This week’s Disney movie watch is none other than Fantasia, a bold experiment that started initially as a way to promote a certain famous mouse.
Studio/year released: Walt Disney Animation, 1940
Ah, Fantasia. The third film from Walt Disney was both an ambitious undertaking and unfortunately, a financial flop- but to this day endures as one of the most iconic and noteworthy pieces of animation ever created. As the war in Europe was in full swing at this point (the German blitzkrieg overrunning France at this point in time), this was the primary cause of the financial woes for the film and the studio at the time, given the inability to screen the production overseas.
As for the movie itself, it was a groundbreaking achievement in the field of animation. Crafted as a meeting of classical music and the animated form, Fantasia was crafted to “picture the music…not the music fitting the picture,” according to Disney himself. Originally conceived as a way to get Mickey Mouse back in the spotlight (yes, at one point the mouse had flagging popularity and needed a popularity boost), the now-iconic sequence with the Sorcerer’s Apprentice evolved from an elaborate Silly Symphony into the centerpiece of an entire feature film. For the first time here, Mickey was redesigned with pupils in his eyes- to give him more expression- and this was clearly the most classic animated short in what amounted to the first feature-length animated anthology film.
The visualization of music that Walt Disney foresaw was some groundbreaking work, forged as a collaboration between Leopold Stokowski, the conductor of the Philadelphia Philharmonic, and the studio, was not only borne of a mutual desire, but the ballooning costs of the already ambitious Mickey Mouse-standalone piece.
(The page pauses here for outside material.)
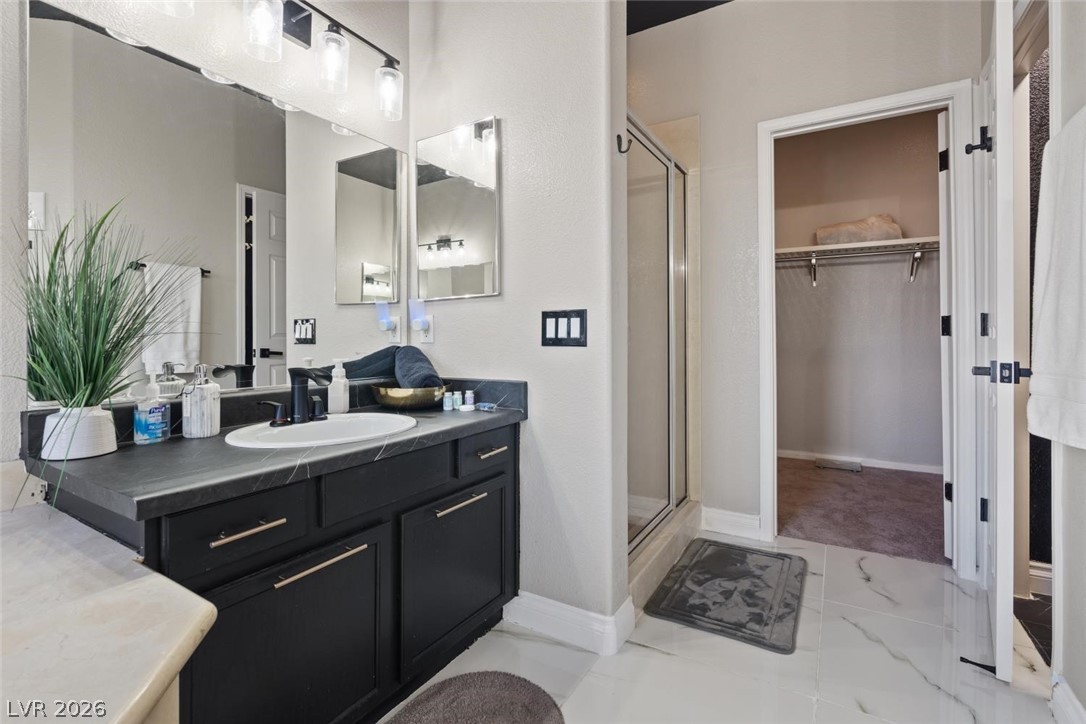5528 Colorado Breeze Way Property Photo 20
In turn, the idea for what would initially be called the “Concert Feature” came into being as a feature length film, with each animated segment being see to famous classical pieces, complete with a master of ceremonies in Deems Taylor, a famous music critic at the time.
From this writer’s perspective, Fantasia continues to hold its luster nearly 80 years later, as innovative and creative now as it was then. Water animation- a technique unveiled earlier in the year by Pinocchio, was on full display in a number of the shorts through this film, and extensive research was done for each segment, from the dances in Nutcracker Suite to the animal designs in Dance of the Hours. Each segment could probably be a whole essay in itself, but each embodies the idea Disney saw fit for the film- and is truly a unique sort of animated film even now.
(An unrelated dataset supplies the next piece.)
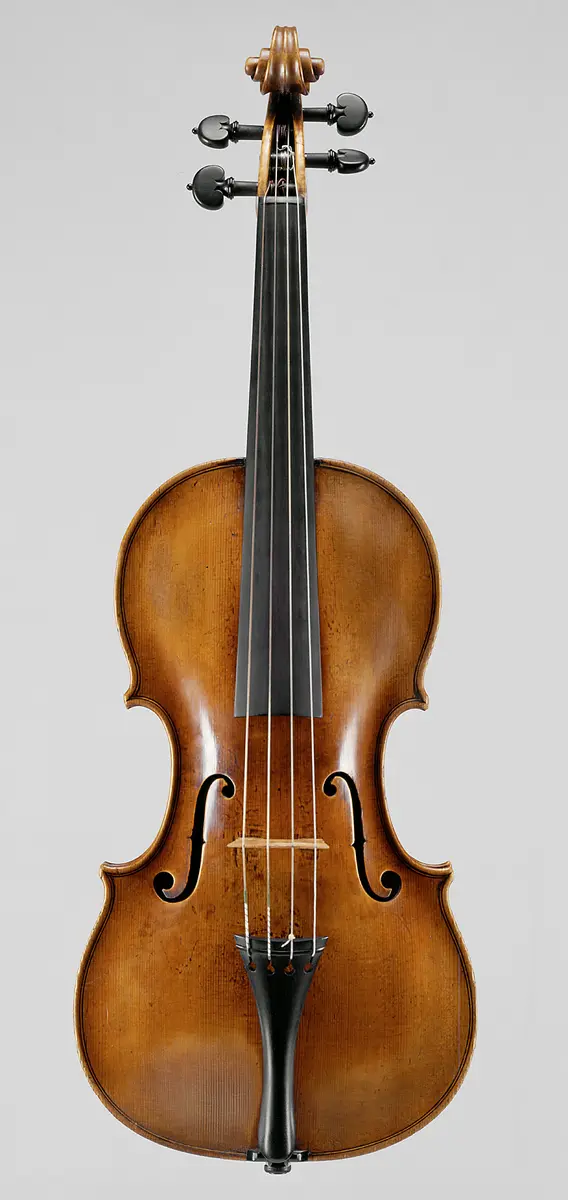 Violine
Animation: Classical 2-D animation, with highly innovative techniques for the period. There was a real push to bring the music to life in animated form, and Fantasia succeeded at that; there was a mix of classical and abstract ideas together on the screen and the animation laid all out clearly; it worked in lockstep to drive each story with the music. This film is still a masterpiece in that regard. 5/5 points.
Characters: In contrast to the majority of films (not just animation), this category is difficult to evaluate for Fantasia largely because of how the movie is structured and the content of each segment. It’s more of classical music set against these sweeping set-piece ideas, and aside from Mickey Mouse himself in the one segment, it doesn’t make a lot of sense to evaluate characters in the traditional sense.
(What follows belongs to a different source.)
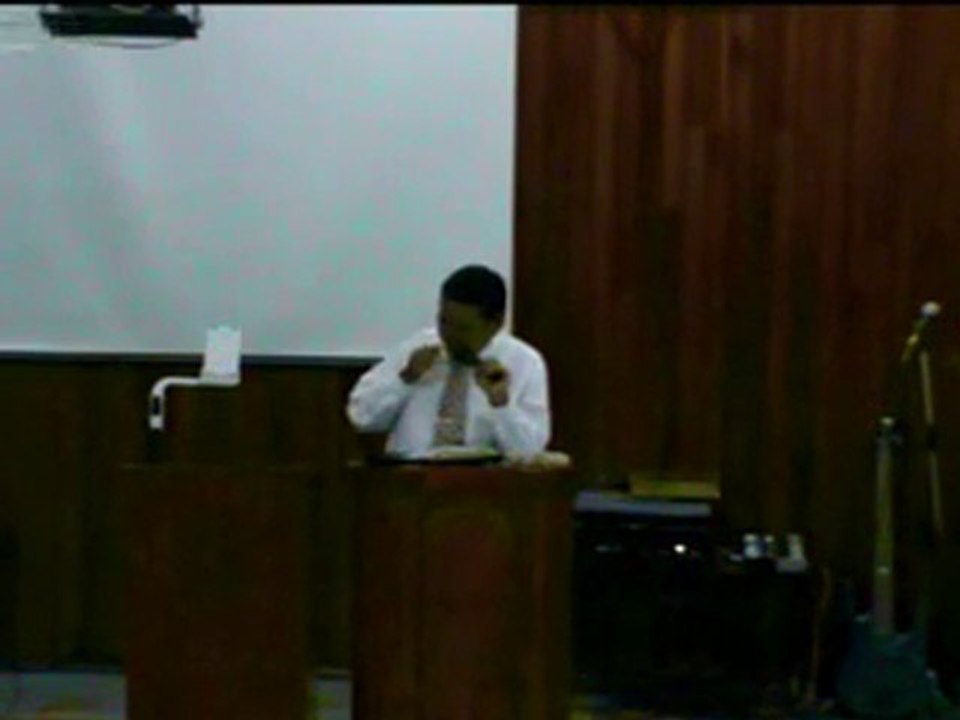 Los 4 libros de Dios4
However, the ideas performed on screen, and the innovative marriage of a live orchestra doing this program set to all these worlds and ideas was truly something else from Walt Disney. In lieu of a traditional character evaluation, I must give credit to the sheer creative ambition that was executed on screen in bringing these ideas to life with cutting-edge animation of the day and the musical collaboration. 5/5 points.
Story: This is actually an anthology film- the first of its kind in animation. Each individual segment focuses on a different famous classical song (or two) and sets its action in a way that personifies the music. It’s much more of a thinking man’s kind of movie in that it’s not actually about something insofar as it is about creative ways in which music tells its story. Think about this example: people always are thinking about what music means, or what images it stirs up in their head, or what the message might be. This is a visual representation as done by Disney and that is creative to this day. Now that said, some segments are definitely stronger than others- though of the non- Sorcerer’s Apprentice ones A Night on Bald Mountain may be the most famous. 4.5/5 points.
Themes: This thematic evalution is what you make of it, and what you get out of the music, I suppose. There isn’t a lot of themes, per se to dig into aside from whatever the action on screen portrays, and while entertaining, I’m not sure there’s a lot to pull from dancing hippos or happy cupids. 2.5/5 points.
Don’t Insult the Viewer: Creative, masterfully animated and meticulously crafted, there’s no doubt of the care that went into this film. It’s got some minor pacing issues for the modern viewer probably, but overall it’s meant to be essentially a full concert program set to animation. 4.75/5 points.
Overall: 21.75/25 (87%): A visually stunning masterwork for its time, this film is quite unlike any other Disney production before or after, and perhaps embodied the spirit of Disney’s innovative nature better than any other film in the canon. While difficult to evaluate in its entirety, it is an essential piece of animation history and a key part of the Disney story.